In recent years, radiation-emitting devices have been widely used for an increasing number of purposes. All of such radiation-emitting devices include an envelope, an enclosed gas, and a pair of electrodes between which an electron flow is established.
Those skilled in the art are familiar with the operation of such devices, and it is not necessary to recite here operational details which have little bearing on this invention. It suffices to note that when an electron flow is established between electrodes, electrons strike certain atoms, such as mercury, and raise the energy level of another electron in the atom. When this electron (e.g., in the mercury atom) returns to its normal state, a ray of ultraviolet energy is released.
Such emissions are used for various purposes, including: lighting, by exciting phosphors as in fluorescent lamps; treating flowing liquids, such as water; and initiating laser discharges.
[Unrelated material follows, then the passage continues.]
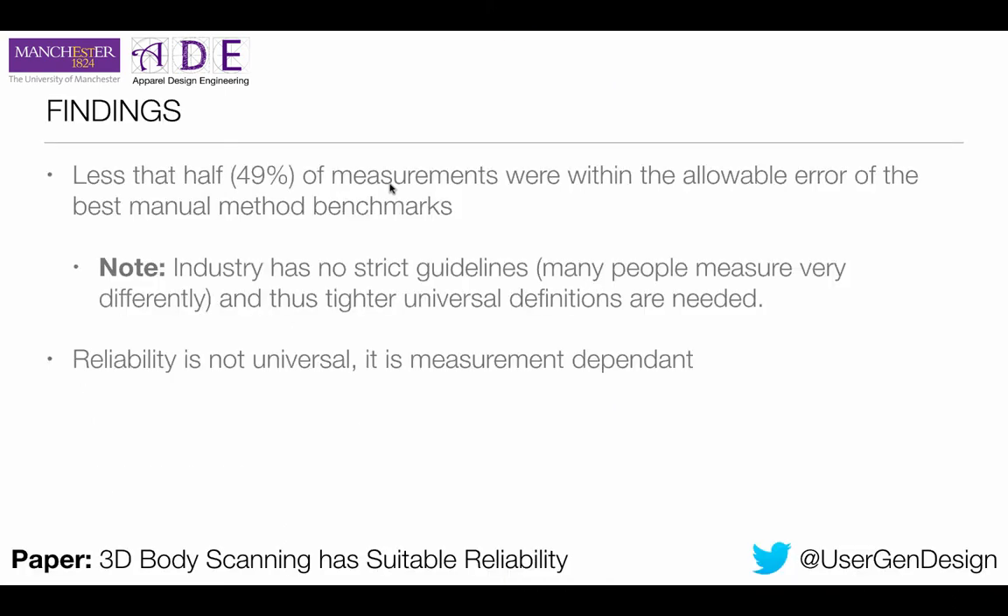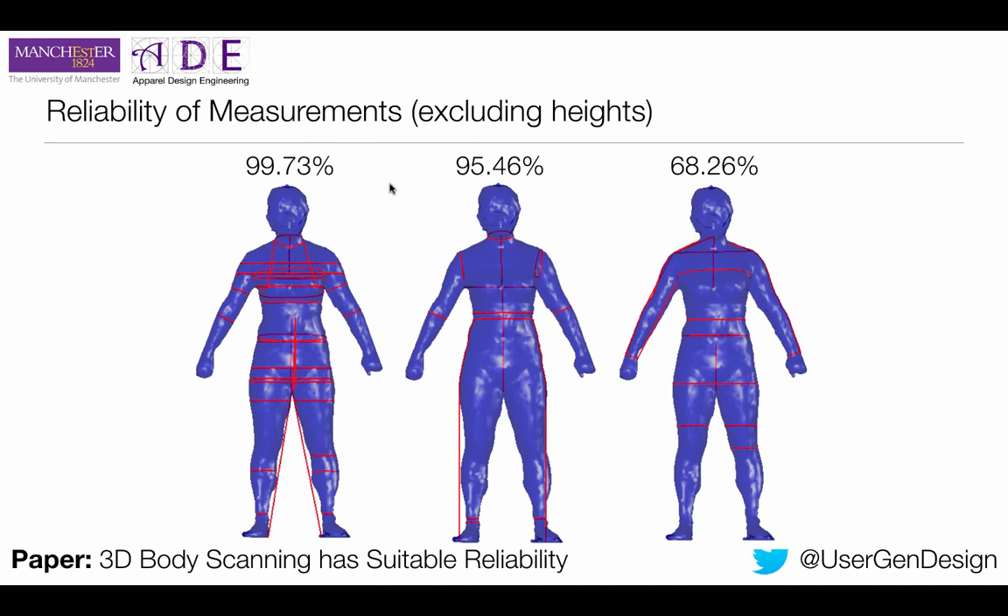What did we find? Less than half — 49% — of measurements taken were within the allowable error for manual measurement garment construction. Reliability is not universal; it is measurement dependent. The most common measurements taken are incredibly reliable, so we can say body scanning is suitably reliable for most applications including garment construction and scientific research. However, different measurements have different reliability levels, and you should consider: if you're taking a measurement in the less reliable band, can you take a different one which is more reliable? If not, you may need to take a manual measurement.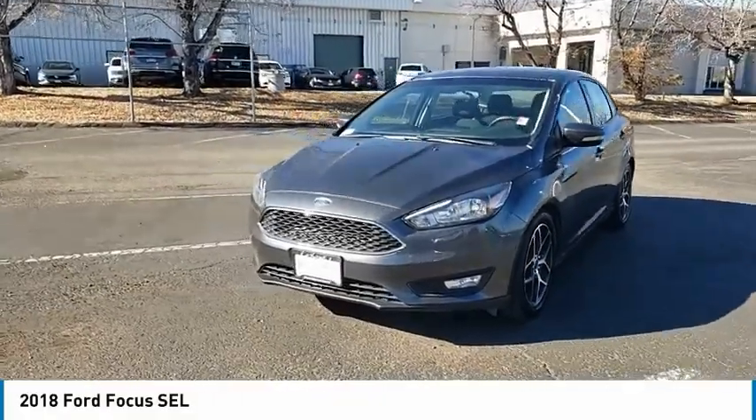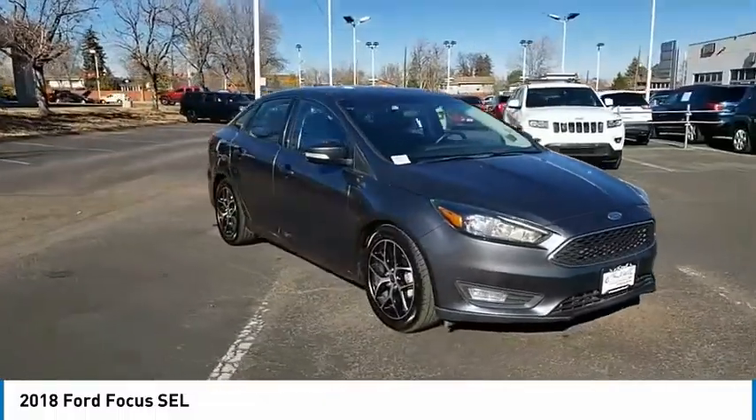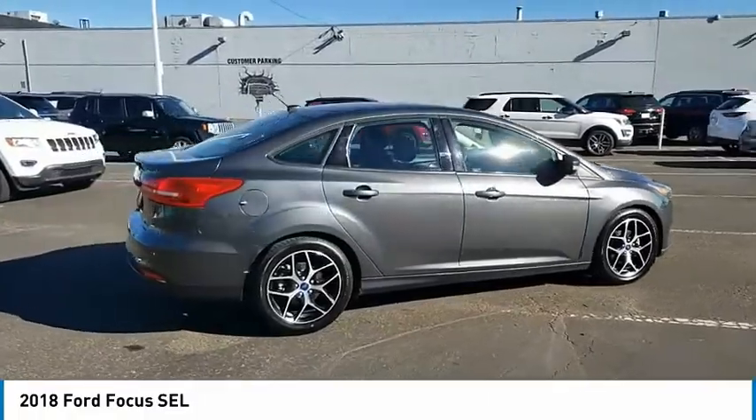Stop by and take a look at the 2018 Focus. Focus has more cool tech, more of what you're looking for, from any point of view — more than meets the eye.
One application to which this invention is particularly relevant is the treatment of flowing liquids.
This invention deals primarily with structural aspects of such radiation-emitting devices.
Many variations have been made in radiation-emitting apparatus, including variations in the gases, in gas pressures, in various devices for creating conditions necessary for radiation discharge, and in mounting structures for such devices, to name just a few. Some variations have been made in the size and shape of gas-containing envelopes and their enclosed volumes.
The dominant shape of ga volumes in radiation-emitting envelopes has been cylindrical, that is, the space within a single tube. Variations have dealt primarily with such things as doubling back the envelope to increase the length of the electron path for a single electron discharge and deforming portions of the envelope to create a more tortuous electron path for various purposes. In most cases, however, the common cylindrical volume has been used in one way or another.
There are a number of problems and disadvantages With radiation-emitting devices of the prior art. Some of these will be briefly mentioned.
In many devices of the prior art, portions of the envelope volume have a sparsity of active fluorescing sites. And there is too great a degree of radiation reabsorption by the gas within envelopes of the prior art.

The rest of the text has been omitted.